Former soldier avoids jail in benefit fraud case

A Pembroke man who “served his country with pride” but then fiddled more than £27,000 in benefits was told he had avoided a jail sentence by the skin of his teeth.

Christopher Ferrier, aged 62, of Meadowbank, had admitted receiving housing benefit and council tax relief to which he had not been entitled over a ten-year period.

Swansea crown court heard that Ferrier had begun claiming in June, 2001, and that the claims were fraudulent from the outset because he failed to reveal he was receiving two pensions.

During the years that followed he was asked from time to time to confirm that his circumstances were still as had been stated and he made false statements in 2001, 2002, 2003, 2006, 2007 and 2011. In all, he was overpaid £27,235.

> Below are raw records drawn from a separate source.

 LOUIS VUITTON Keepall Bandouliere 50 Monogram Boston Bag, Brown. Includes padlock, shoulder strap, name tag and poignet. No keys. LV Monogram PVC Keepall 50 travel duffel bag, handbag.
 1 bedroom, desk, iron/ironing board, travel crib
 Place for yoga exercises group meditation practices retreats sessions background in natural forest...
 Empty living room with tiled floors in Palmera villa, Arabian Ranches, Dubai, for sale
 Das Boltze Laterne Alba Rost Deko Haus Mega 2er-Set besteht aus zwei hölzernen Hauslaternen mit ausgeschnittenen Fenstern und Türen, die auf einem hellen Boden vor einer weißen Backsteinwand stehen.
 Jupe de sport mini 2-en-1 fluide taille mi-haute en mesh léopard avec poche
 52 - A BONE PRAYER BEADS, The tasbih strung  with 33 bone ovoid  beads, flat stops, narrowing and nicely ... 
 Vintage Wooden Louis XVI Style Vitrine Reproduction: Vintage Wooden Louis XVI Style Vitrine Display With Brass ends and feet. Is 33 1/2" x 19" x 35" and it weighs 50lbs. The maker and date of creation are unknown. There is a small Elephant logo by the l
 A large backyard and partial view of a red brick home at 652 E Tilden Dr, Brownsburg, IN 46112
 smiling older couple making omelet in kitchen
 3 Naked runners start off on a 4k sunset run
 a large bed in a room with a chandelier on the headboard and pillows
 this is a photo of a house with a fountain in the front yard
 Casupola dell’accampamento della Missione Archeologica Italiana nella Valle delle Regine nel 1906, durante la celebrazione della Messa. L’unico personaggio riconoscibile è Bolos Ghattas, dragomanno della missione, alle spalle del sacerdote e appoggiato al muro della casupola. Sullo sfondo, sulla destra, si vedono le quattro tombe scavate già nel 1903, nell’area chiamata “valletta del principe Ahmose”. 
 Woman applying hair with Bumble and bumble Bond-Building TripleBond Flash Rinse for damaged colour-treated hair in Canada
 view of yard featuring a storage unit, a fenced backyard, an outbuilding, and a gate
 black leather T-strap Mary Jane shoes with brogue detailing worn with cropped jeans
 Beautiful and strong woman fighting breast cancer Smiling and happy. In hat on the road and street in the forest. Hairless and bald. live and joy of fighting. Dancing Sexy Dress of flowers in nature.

The court heard that Ferrier had had once served as a soldier in the Royal Regiment of Wales.

His barrister, James Hartson, said he had been a man of impeccable character who found himself in court for the first time in his life at the age of 62.

The court heard that Ferrier was slowly repaying the money.

Judge Paul Thomas said Ferrier had stolen from everyone in the courtroom and everyone in the country who paid taxes.

He said a custodial sentence was called for and Ferrier had escaped by the skin of his teeth from going to prison immediately.

Ferrier was jailed for 50 weeks, suspended for 12 months, and placed under supervision for 12 months.